## Task to carry out:
Copy out each line of the material exactly. Pictures do not belong in the copy.

## Recorded data:

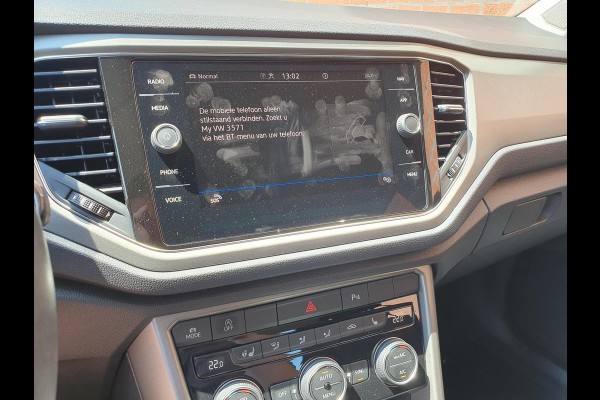 Volkswagen T-Roc 1.5 TSI 150pk DSG Style Team Navigatie Apple Carplay/Android Auto Camera Adaptive Cruise Control Elektrische achterklep Stoel-en stuurverwarming Climate Control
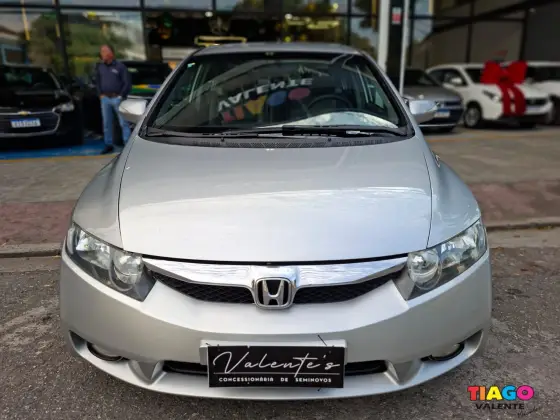 HONDA CIVIC 1.8 LXL 16V FLEX 4P AUTOMÁTICO HONDA CIVIC 1.8 LXL 16V FLEX 4P AUTOMÁTICO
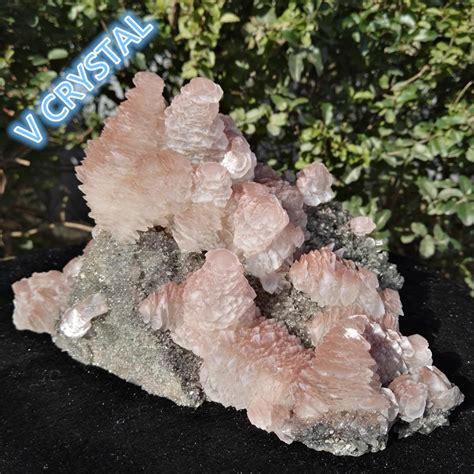 Unique Natural Rock Pink Raw Calcite Crystal Mineral Specimen Calcite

## Solved problem:
 Volkswagen T-Roc 1.5 TSI 150pk DSG Style Team Navigatie Apple Carplay/Android Auto Camera Adaptive Cruise Control Elektrische achterklep Stoel-en stuurverwarming Climate Control
 HONDA CIVIC 1.8 LXL 16V FLEX 4P AUTOMÁTICO HONDA CIVIC 1.8 LXL 16V FLEX 4P AUTOMÁTICO
 Unique Natural Rock Pink Raw Calcite Crystal Mineral Specimen Calcite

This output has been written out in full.